Press enter to see results or esc to cancel.

The Object Is Dead. Long Live The Object!

JVM development is not an easy business. A production-grade JVM consists of many complex modules, and sometimes things go terribly wrong even though each module runs like clockwork in isolation. Some bugs are sporadic and hard to reproduce, and that makes debugging even more complicated. That’s why testing is very important for us. We have a lot of automated tests that run every night on all supported machine configurations. And once in a while they would hit a bug in code supposed to be flawless since time immemorial…

Mystery

Recently, after some innocent-looking commits, several tests for ResourceBundle have started to fail sporadically. There is nothing special about those tests, they just verify that gathering resources from resource bundles of various types works. But for some reason, different unexpected errors would appear during certain runs.

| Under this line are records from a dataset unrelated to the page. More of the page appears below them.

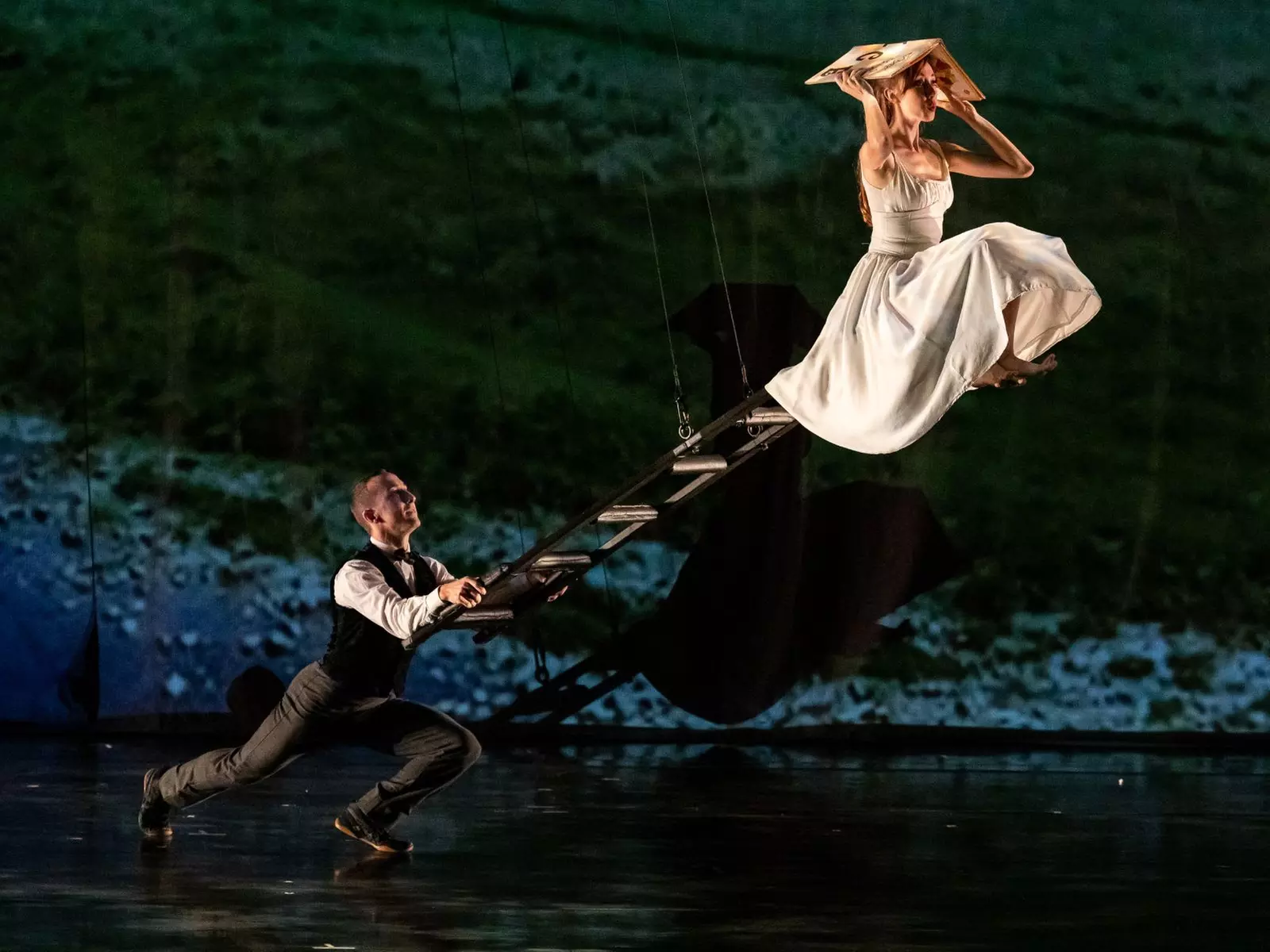 MOMIX: Alice - Wednesday, Feb 28, 2024 / 8:00pm - Primary Image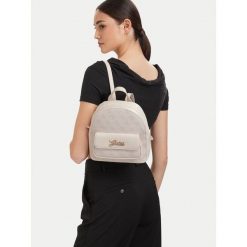 Plecak Guess. Białe plecaki Guess, z aplikacjami. Za 324.99 zł.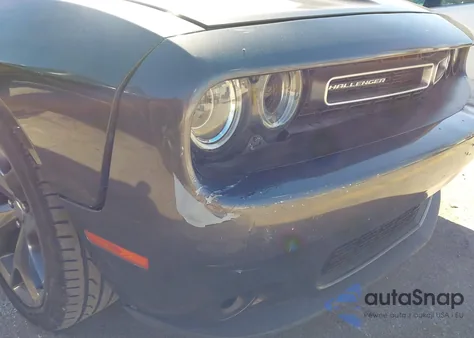 2015 Dodge Challenger R/T z USA, uszkodzony, nr VIN 2C3CDZAT7FH737056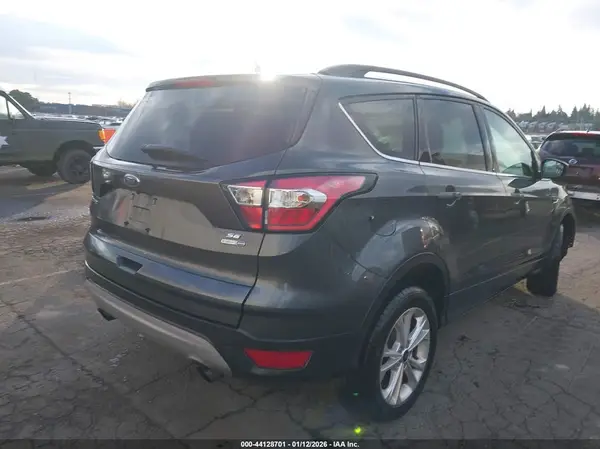 2018 FORD ESCAPE IAAI lot 44128701 auction photo 4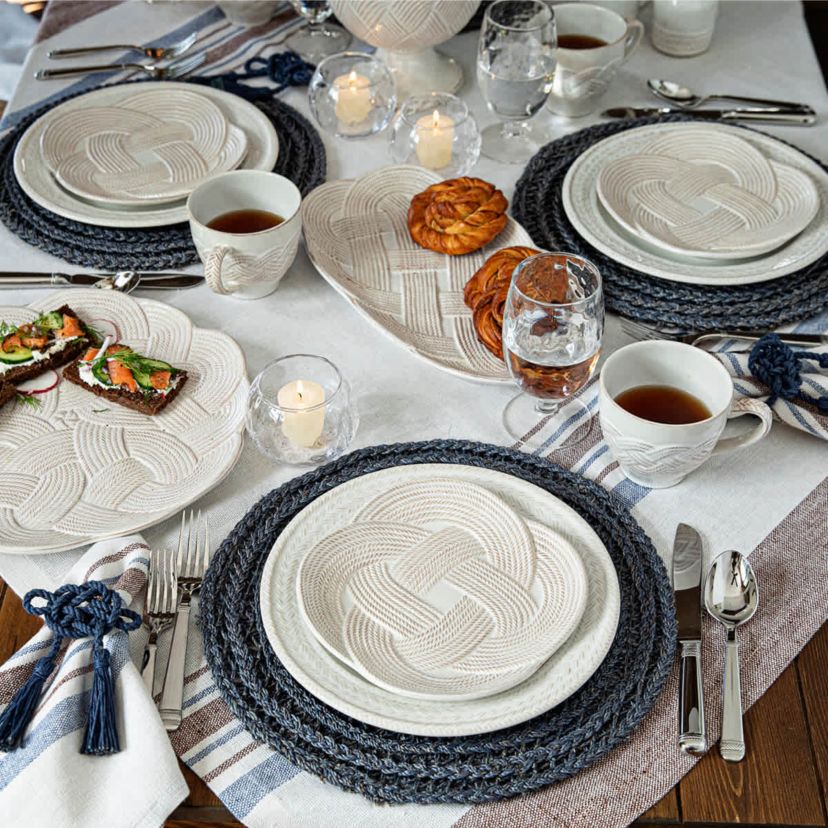 Le Panier Mystic Knot Dessert/Salad Plate - Whitewash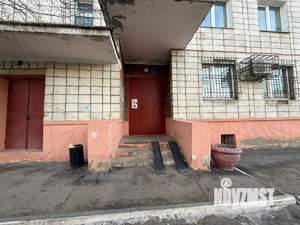 4-к квартира, вторичка, 120м2, 1/10 этаж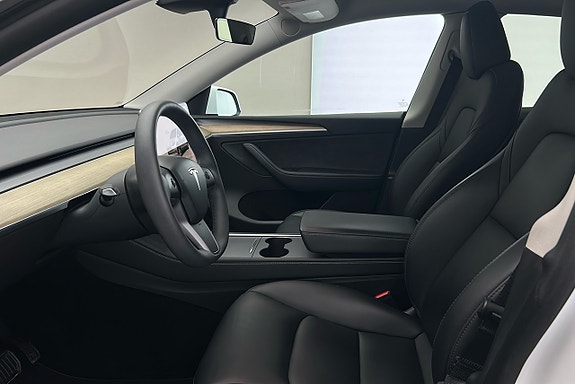 Tesla Model Y 9 of 26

Let’s consider the following code snippet similar to the problematic test. Basically, it attempts to obtain a resource with the specified name from a resource bundle:

public static boolean checkResourceFromBundle(String expected) {
    try {
        URLClassLoader ucl =
                new URLClassLoader(new URL[]{new URL(urlString)});

        ResourceBundle bundle =
                ResourceBundle.getBundle(bundleName, locale, ucl);

        String resource = bundle.getString(resourceName);
        return expected.equals(resource);
    } catch (Exception e) {
        System.out.println("FAILED: unexpected exception:");
        e.printStackTrace();
        return false;
    }
}

If urlString, bundleName and locale are correct objects of the respective types, and a bundle with those name and locale can be found at the given URL, this method should never print the error message from the catch block, right?

It turns out that in some very specific cases it would do just that.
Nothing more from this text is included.